La BBC a été l'un des rares médias à consacrer un portrait à Kim Wall... ce qui n'a pas empêché le média de la décrire comme "pint-sized" (littéralement "de la taille d'une pinte", soit "haute comme trois pommes"), un commentaire sur son physique qui a provoqué des réactions sur les réseaux sociaux.
"Si un journaliste était mort dans des circonstances similaires, ce serait sûrement difficile de le voir décrit comme de la taille d'une pinte" twitte par exemple la journaliste @dariasolo qui enquête aussi bien sur les questions de genre que sur les crimes financiers en Russie...
"It is difficult to see how, if a male journalist had died in a similar case, he would be described as “pint-sized”." #media #women #kimwall
— dariasolo (@dariasolo) 25 août 2017
Du côté de la presse francophone aussi, difficile de trouver des titres de presse qui n'ont pas cédé à la tentation. Certains se pourvoient de commentaires sur le physique de la jeune femme, comme Paris Match qui s'interroge : "Que s'est-il passé dans le sous-marin entre le savant fou et la belle journaliste suédoise?"
Cela pourrait être le scénario d'une série policière scandinave
Le Monde
D'autres font l'économie de se pencher sur son histoire pour se concentrer sur celle de Peter Madsen, qui est "sans doute encore plus intrigant et romanesque" (La Voix du Nord). Les deux personnages (et le sous-marin) sont pour le Figaro le "casting du polar de l'été". Sur le site du Monde, on trouve les faits résumés en une vidéo accompagnée d'une musique digne d'une série policière et d'un texte pour le moins évocateur : "cela pourrait être le scénario d'une série policière scandinave".
Mais la palme revient certainement à Vanity Fair qui titre "En eaux troubles : Peter Madsen, l'inventeur fou au cœur du polar de l'été". Pas de mention au nom de Kim Wall dans le chapô de l'article, ni de photo d'elle... Seul Peter Madsen a droit à une photo : romanesque, retouchée, sur un fond à mi-chemin entre James Bond et Dexter. Et quand enfin après quelques lignes le nom de Kim Wall est évoqué, c'est pour associer sa disparition à "l'essence d'un bon roman".
"Cette mort est étrange, oui. Mais ce n'est pas une série télévisée" rappelle la journaliste Bhakthi Puvanenthiran dans un édito sur le site australien Crickey. Elle demande aux médias de ne pas plonger dans les clichés sur la mort des femmes. Même constat sur Twitter d'Anna Codrea-Rado, journaliste et amie de Kim Wall.

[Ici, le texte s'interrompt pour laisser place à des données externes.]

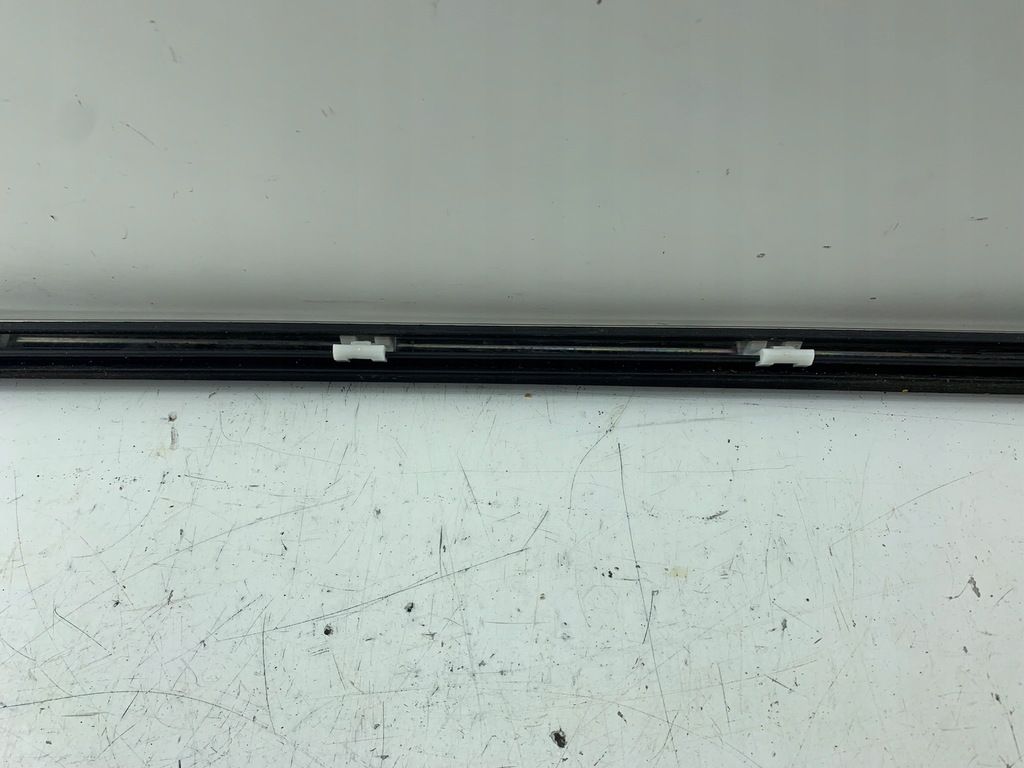 фото №8, Hyundai i40 молдинг уплотнитель правый задняя sedan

But pls don't remember her as the murdered Swedish journalist who died in a grisly horror straight out of a crime drama. Remember her work
— Anna Codrea-Rado (@annacod) 23 août 2017
"Ne vous souvenez pas de Kim Wall comme de la journaliste suédoise assassinée dans des conditions macabres (…). Souvenez-vous de son travail. Allez plus loin que les titres, informez-vous sur Kim la femme, la journaliste talentueuse, l'amie attentionnée. C'est ce qu'elle aurait fait."

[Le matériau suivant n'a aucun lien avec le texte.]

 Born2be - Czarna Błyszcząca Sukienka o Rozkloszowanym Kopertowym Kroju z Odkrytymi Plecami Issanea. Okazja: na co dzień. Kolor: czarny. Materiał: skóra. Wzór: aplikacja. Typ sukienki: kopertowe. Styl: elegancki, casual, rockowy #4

"J'écris sur les hackers, les arnaqueurs, le vaudou, les vampires, les quartiers chinois, les bombes atomiques, le féminisme." Voici comment Kim Wall avait résumé sa biographie en 160 caractères sur le réseau social Twitter. Autant de sujets variés, toujours truculents : la journaliste racontait la grande Histoire à travers des séries de portraits toujours plus inattendus les uns que les autres. "Elle trouvait et racontait des histoires à travers le monde (…). Elle donnait la parole aux personnes faibles, vulnérables et marginalisées" raconte sa mère dans un hommage publié sur sa page Facebook.
Kim Wall était une femme de terrain, elle devait déménager prochainement en Chine. Pour elle, il était impossible d'être journaliste en passant son temps derrière un bureau. Ses rencontres l'ont menée à Cuba, en Ouganda, en Corée du Nord... Et pourtant, c'est à quelques kilomètres de sa ville natale, au Danemark, pays de la parité, qu'elle a été assassinée.

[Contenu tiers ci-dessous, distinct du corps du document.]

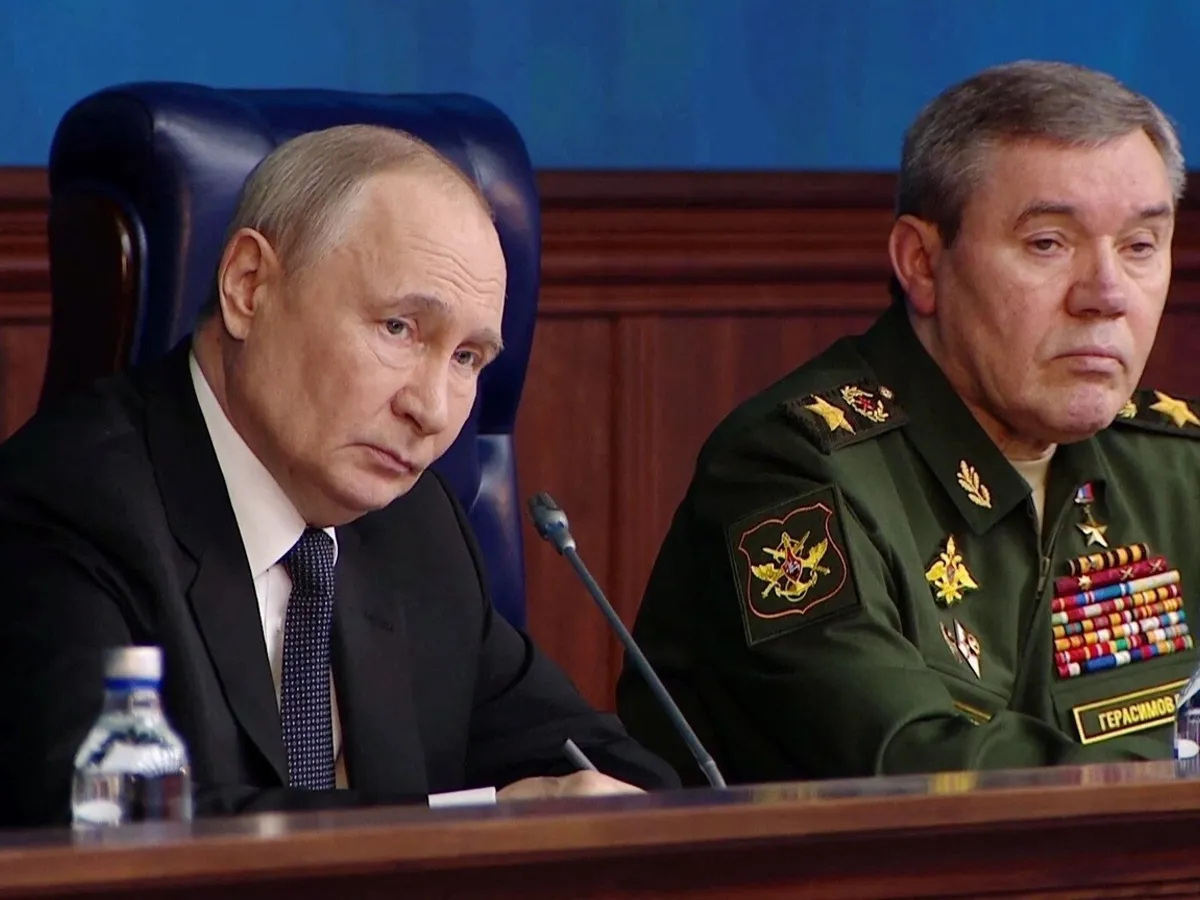 Putin și șeful Statului Major General, Valeri Gherasimov - Foto: Profimedia Images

Citée par le journal Libération, Nadine Hoffmann, directrice adjointe de l'International Women's Media Fondation dénonce le danger couru par les femmes journalistes : "Nous savons que les femmes avec qui nous travaillons sont confrontées au danger partout dans le monde, mais de savoir que cela s'est passé au Danemark, un pays relativement sûr pour les femmes, nous rappelle que notre communauté est en danger partout. C'est un problème que le milieu médiatique ne combat pas encore assez sérieusement."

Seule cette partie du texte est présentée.